Work instructions:
Exactly the lines from the first line of the records to the line holding "Special thanks to" should be duplicated, and nothing more; pictures stay out.

Start of Block

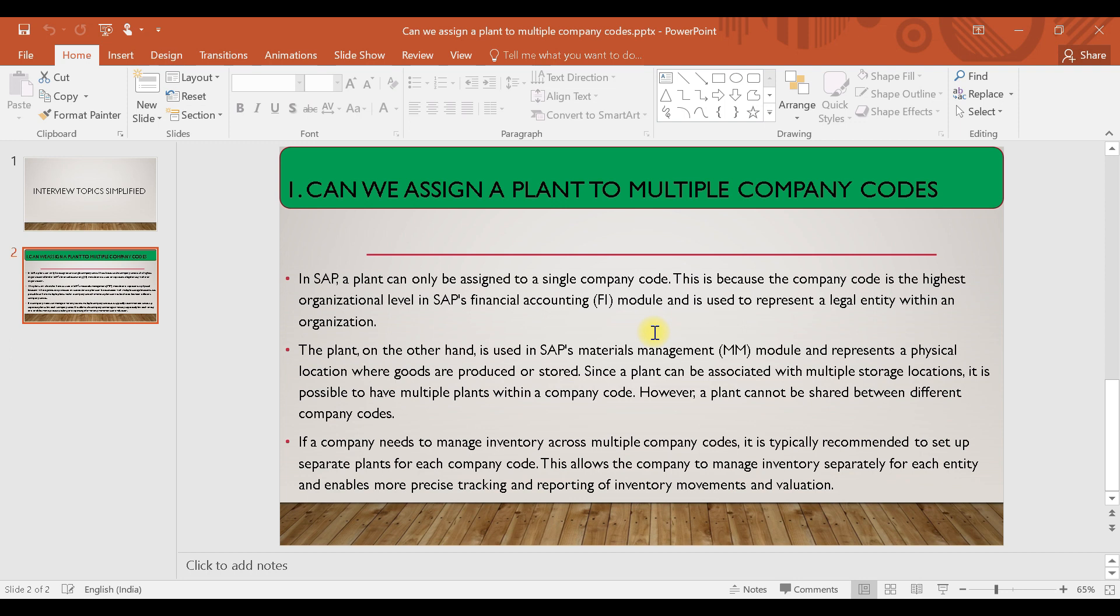The reasons are mentioned over here. You can go through these points. I'll be sharing this document either on WhatsApp or on LinkedIn, so you can follow me on LinkedIn to get the document or you can join the WhatsApp group to get this document.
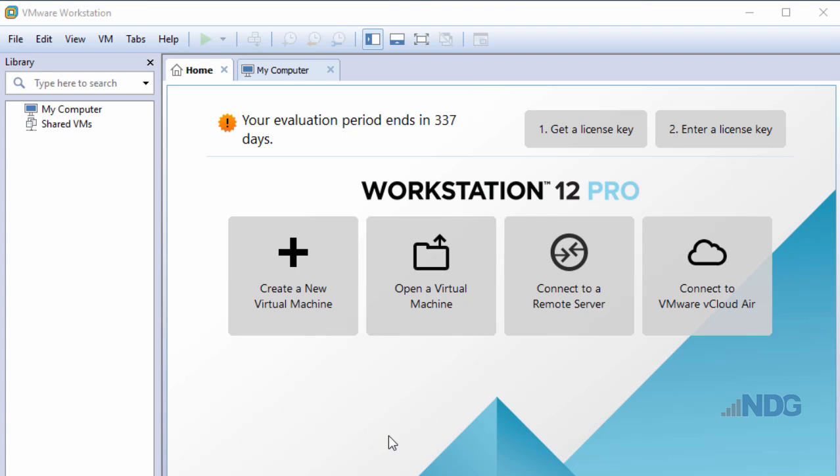In this tutorial, I'm going to create a virtual machine with VMware Workstation 12 Pro.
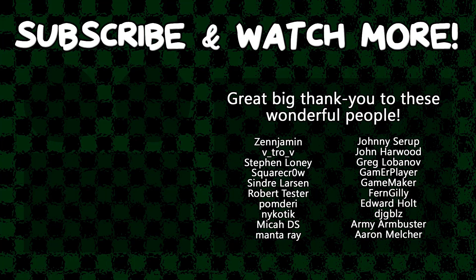Special thanks to Army Armbuster, DJ Gibbles, Edward Hult, GameMaker, Manta Ray, Cyndra Larson, SquareCrow, Vitro V, and Zengement for supporting these videos. If you want to contribute to the channel, head on over to the Patreon page down in the video description to join the fun.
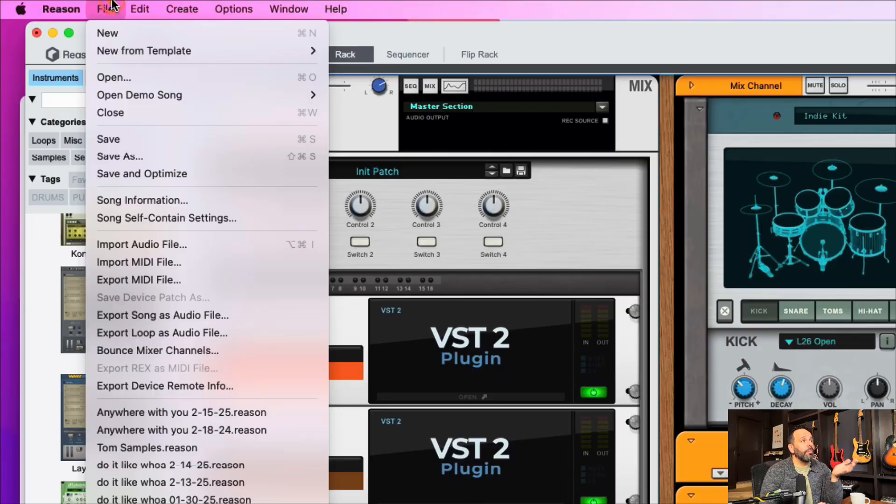Number six is using self-contained song files. What are those? Reason has a way to make sure that the samples you're using in the program are saved in the session. This is important when you're collaborating with other people. This happened all the time. I would be collaborating with someone who also had Reason. I would send them my Reason session, but then they'd be missing like half the samples I was using because Reason is pulling them from my sample library and they're not actually saved in the Reason session. So if you want them saved to the Reason session, you got to do this. Go to file, song self-contained settings.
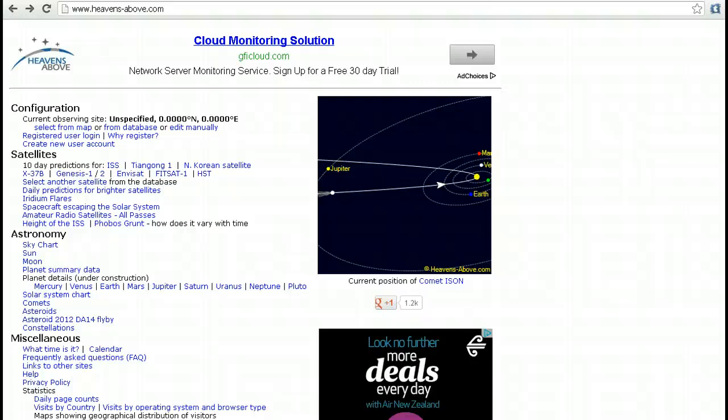Hello YouTube, this is Dazza the Cameraman. Today we're going to look at how to check for passes of the International Space Station, or ISS, using heavensabove.com.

End of Block

Solution to the problem:
The reasons are mentioned over here. You can go through these points. I'll be sharing this document either on WhatsApp or on LinkedIn, so you can follow me on LinkedIn to get the document or you can join the WhatsApp group to get this document.
In this tutorial, I'm going to create a virtual machine with VMware Workstation 12 Pro.
Special thanks to Army Armbuster, DJ Gibbles, Edward Hult, GameMaker, Manta Ray, Cyndra Larson, SquareCrow, Vitro V, and Zengement for supporting these videos. If you want to contribute to the channel, head on over to the Patreon page down in the video description to join the fun.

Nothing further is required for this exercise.